See “U.S. Space Exploration Policy,” National Security Presidential Directive (NSPD) 31, January 14, 2004.

The National Security Presidential Directive largely replicates the contents of the Bush Administration’s Vision for Space Exploration, which was announced on the same day the Directive was signed. But it has some remarkable features of its own.

For one thing, it has nothing at all to do with national security as the term is commonly understood. Although space exploration was also addressed in national security directives in previous administrations, such as the Clinton Administration’s PDD-49, in such cases it was considered along with intelligence and national security space. NSPD-31 by contrast is purely a statement of science and technology policy with no national security component. This raises the possibility that other Bush Directives, yet undisclosed, also address topics outside of the usual national security framework.

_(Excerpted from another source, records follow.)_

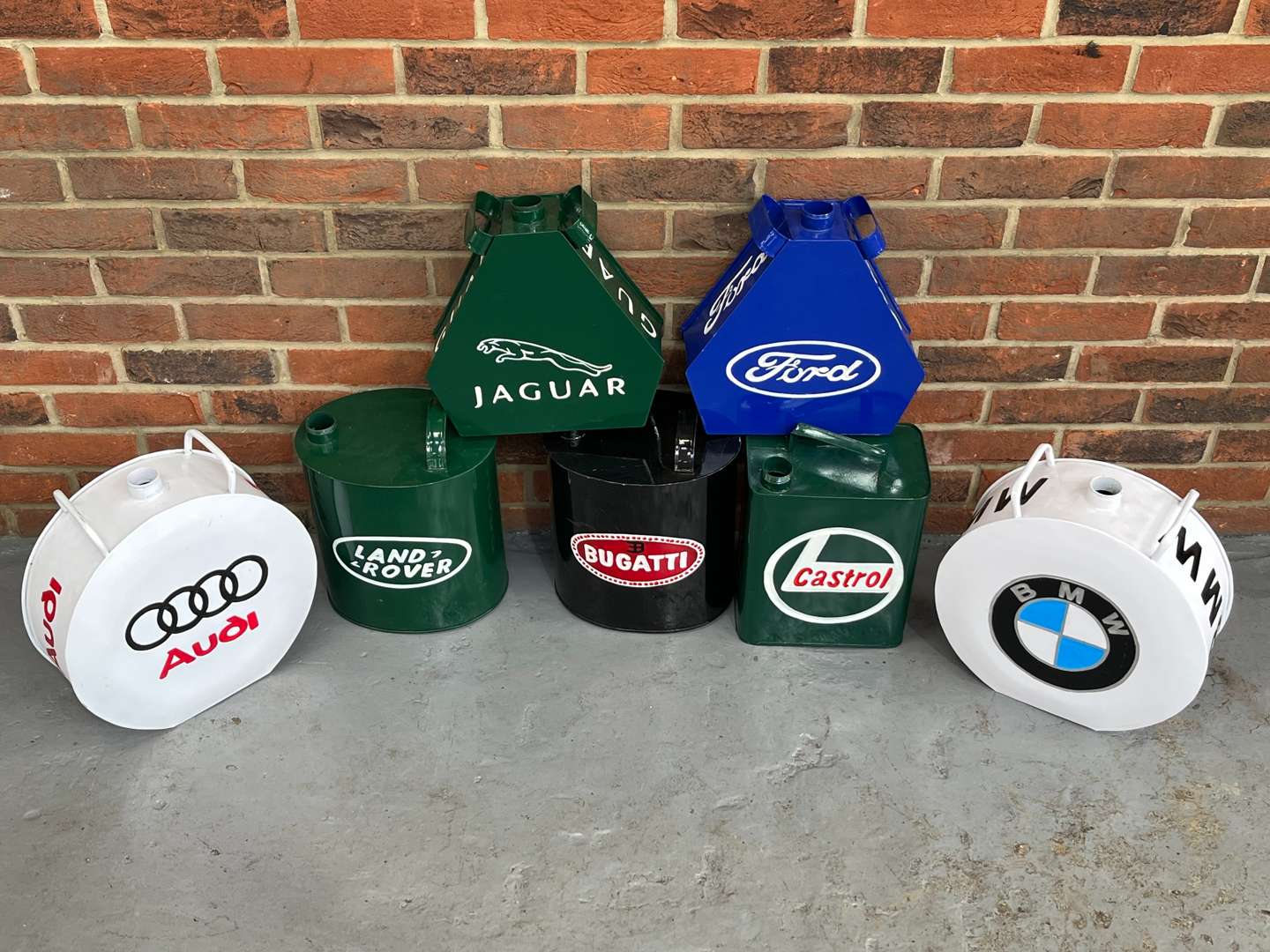 <p>Seven Reproduction Fuel Cans (No Caps)</p>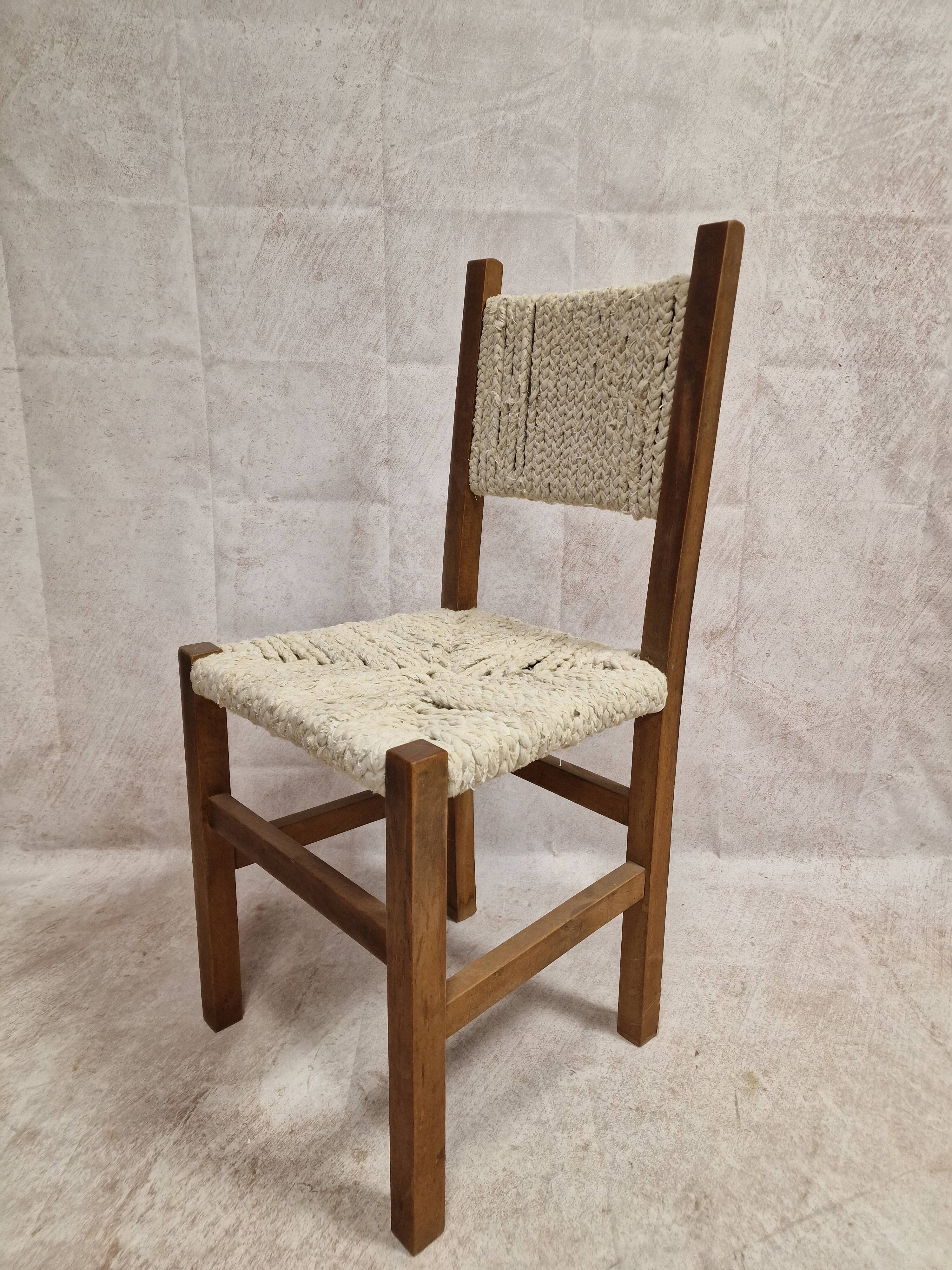 Wooden chair with woven rope seat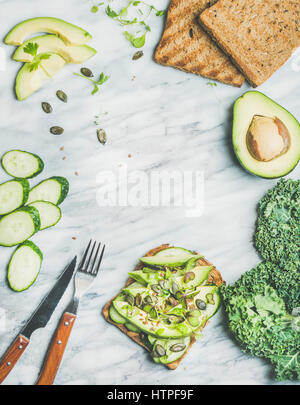 Healthy green veggie breakfast concept. Sandwich with avocado, cucumber, kale, kress sprouts and pumpkin seeds over marble background, top view, copy Stock Photo
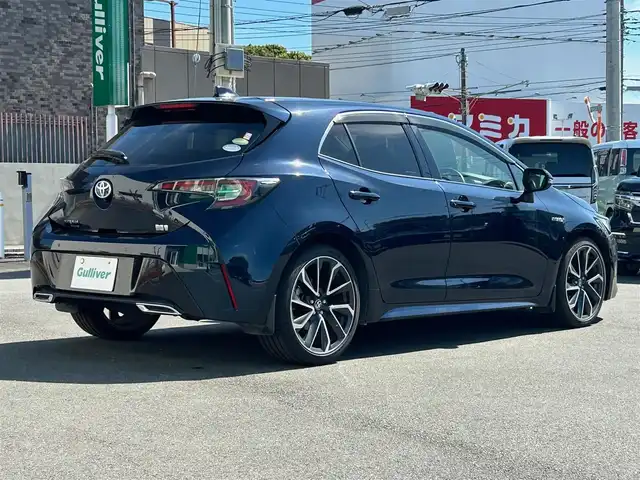 トヨタ カローラ スポーツ ハイブリッドG Z 静岡県 2019(令1)年 3.4万km ブラッキッシュアゲハガラスフレーク エンジンスタートボタン/パワーステアリング/パワーウィンドウ/アイドリングストップ/スマートキー/オートエアコン/クルーズコントロール/USB入力端子/ETC/純正ナビ/純正ドライブレコーダー/純正フロアマット/純正アルミホイール/ABS/横滑り防止装置/コーナーセンサー前後/レーンキープアシスト/盗難防止装置/オートライト/オートマチックハイビーム/LEDヘッドライト/W+サイドエアバック/カーテンエアバック/衝突軽減システム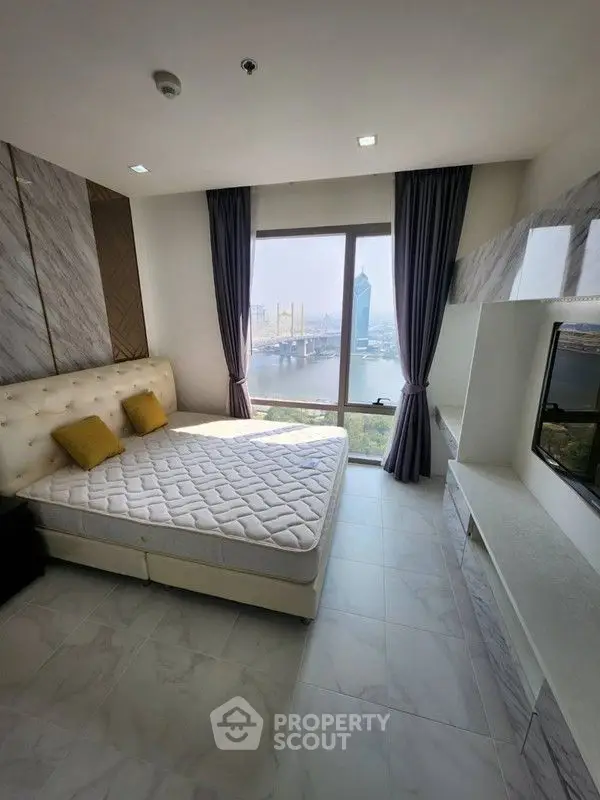 Luxurious bedroom with stunning city view and elegant decor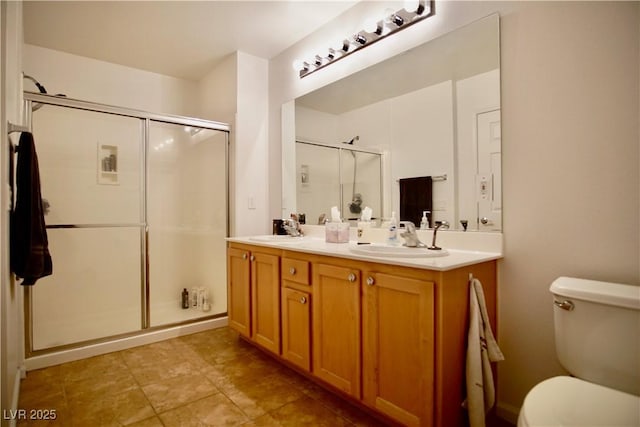 bathroom with vanity, toilet, and walk in shower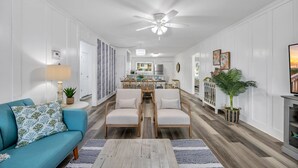 Ein geräumiges Wohnzimmer mit einem blauen Sofa, zwei Sesseln, einem Couchtisch und einem Essbereich im Hintergrund.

Aside from that, the Bush Directive serves as a reminder that just because a President orders an agency to perform a certain action, that doesn’t guarantee compliance. Thus, in 2004 the President directed NASA to undertake a series of robotic missions to the Moon “starting no later than 2008.” But that is not going to happen. Instead, NASA may launch the Lunar Reconnaissance Orbiter no earlier than February 2009.

Some other Bush Administration National Security Presidential Directives are available here.

Russia-Georgia Conflict, and More from CRS

Noteworthy new and updated reports from the Congressional Research Service that have not been made readily available to the public include the following (all pdf).

“Russia-Georgia Conflict in South Ossetia: Context and Implications for U.S. Interests,” August 13, 2008.

“Stability in Russia’s Chechnya and Other Regions of the North Caucasus: Recent Developments,” August 12, 2008.

“Russian Political, Economic, and Security Issues and U.S. Interests,” updated July 28, 2008.

“Enemy Combatant Detainees: Habeas Corpus Challenges in Federal Court,” updated July 29, 2008.

“Journalists’ Privilege: Overview of the Law and Legislation in the 109th and 110th Congresses,” updated July 29, 2008.

“U.S.-China Counterterrorism Cooperation: Issues for U.S. Policy,” updated August 6, 2008.

“National Security Strategy: Legislative Mandates, Execution to Date, and Considerations for Congress,” updated July 28, 2008.

“Nanotechnology and Environmental, Health, and Safety: Issues for Consideration,” August 6, 2008.

“Nuclear Cooperation with Other Countries: A Primer,” August 12, 2008.